From the entries below, return exactly the lines beginning at the one that contains "Vitamin C for" and ending at the one that contains "síntomas de hongos", both of them included, and only those lines.
*** Opening GIVEN DATA ***
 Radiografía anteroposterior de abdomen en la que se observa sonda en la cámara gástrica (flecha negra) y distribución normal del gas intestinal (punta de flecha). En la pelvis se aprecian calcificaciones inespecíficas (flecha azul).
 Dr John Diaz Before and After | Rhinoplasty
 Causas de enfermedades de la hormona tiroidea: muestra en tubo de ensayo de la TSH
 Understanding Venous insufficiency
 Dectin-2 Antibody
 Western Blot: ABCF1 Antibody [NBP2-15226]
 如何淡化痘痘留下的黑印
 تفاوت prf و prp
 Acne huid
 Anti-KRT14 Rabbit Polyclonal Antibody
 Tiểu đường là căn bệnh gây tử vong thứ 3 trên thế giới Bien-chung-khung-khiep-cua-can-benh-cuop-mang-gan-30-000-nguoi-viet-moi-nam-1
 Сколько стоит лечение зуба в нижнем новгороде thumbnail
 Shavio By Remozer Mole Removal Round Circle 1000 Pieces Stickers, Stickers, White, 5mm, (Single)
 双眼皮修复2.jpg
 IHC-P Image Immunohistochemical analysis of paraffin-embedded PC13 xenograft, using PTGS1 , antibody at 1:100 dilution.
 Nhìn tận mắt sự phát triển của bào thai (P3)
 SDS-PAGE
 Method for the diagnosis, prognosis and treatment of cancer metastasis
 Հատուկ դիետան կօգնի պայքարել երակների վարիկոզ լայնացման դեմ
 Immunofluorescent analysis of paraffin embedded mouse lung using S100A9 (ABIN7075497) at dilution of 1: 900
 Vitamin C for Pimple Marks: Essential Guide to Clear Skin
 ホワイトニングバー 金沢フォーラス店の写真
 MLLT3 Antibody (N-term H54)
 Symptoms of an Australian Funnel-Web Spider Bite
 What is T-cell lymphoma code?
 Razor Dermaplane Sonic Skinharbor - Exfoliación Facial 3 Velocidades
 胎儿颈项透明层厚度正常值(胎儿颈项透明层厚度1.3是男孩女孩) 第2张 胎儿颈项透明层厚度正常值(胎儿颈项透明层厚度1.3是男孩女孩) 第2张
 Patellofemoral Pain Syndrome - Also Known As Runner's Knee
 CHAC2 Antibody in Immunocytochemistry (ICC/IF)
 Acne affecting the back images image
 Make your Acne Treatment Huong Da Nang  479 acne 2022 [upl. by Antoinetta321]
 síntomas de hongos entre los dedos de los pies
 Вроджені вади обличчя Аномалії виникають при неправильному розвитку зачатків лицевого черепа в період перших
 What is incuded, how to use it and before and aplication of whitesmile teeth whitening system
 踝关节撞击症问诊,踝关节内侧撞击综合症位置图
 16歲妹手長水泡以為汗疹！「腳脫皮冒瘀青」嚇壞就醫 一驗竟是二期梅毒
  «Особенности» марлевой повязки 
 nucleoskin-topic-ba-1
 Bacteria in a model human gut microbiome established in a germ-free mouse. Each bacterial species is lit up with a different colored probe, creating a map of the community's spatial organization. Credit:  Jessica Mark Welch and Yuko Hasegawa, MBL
*** Closing GIVEN DATA ***
TASK SOLUTION:
 Vitamin C for Pimple Marks: Essential Guide to Clear Skin
 ホワイトニングバー 金沢フォーラス店の写真
 MLLT3 Antibody (N-term H54)
 Symptoms of an Australian Funnel-Web Spider Bite
 What is T-cell lymphoma code?
 Razor Dermaplane Sonic Skinharbor - Exfoliación Facial 3 Velocidades
 胎儿颈项透明层厚度正常值(胎儿颈项透明层厚度1.3是男孩女孩) 第2张 胎儿颈项透明层厚度正常值(胎儿颈项透明层厚度1.3是男孩女孩) 第2张
 Patellofemoral Pain Syndrome - Also Known As Runner's Knee
 CHAC2 Antibody in Immunocytochemistry (ICC/IF)
 Acne affecting the back images image
 Make your Acne Treatment Huong Da Nang  479 acne 2022 [upl. by Antoinetta321]
 síntomas de hongos entre los dedos de los pies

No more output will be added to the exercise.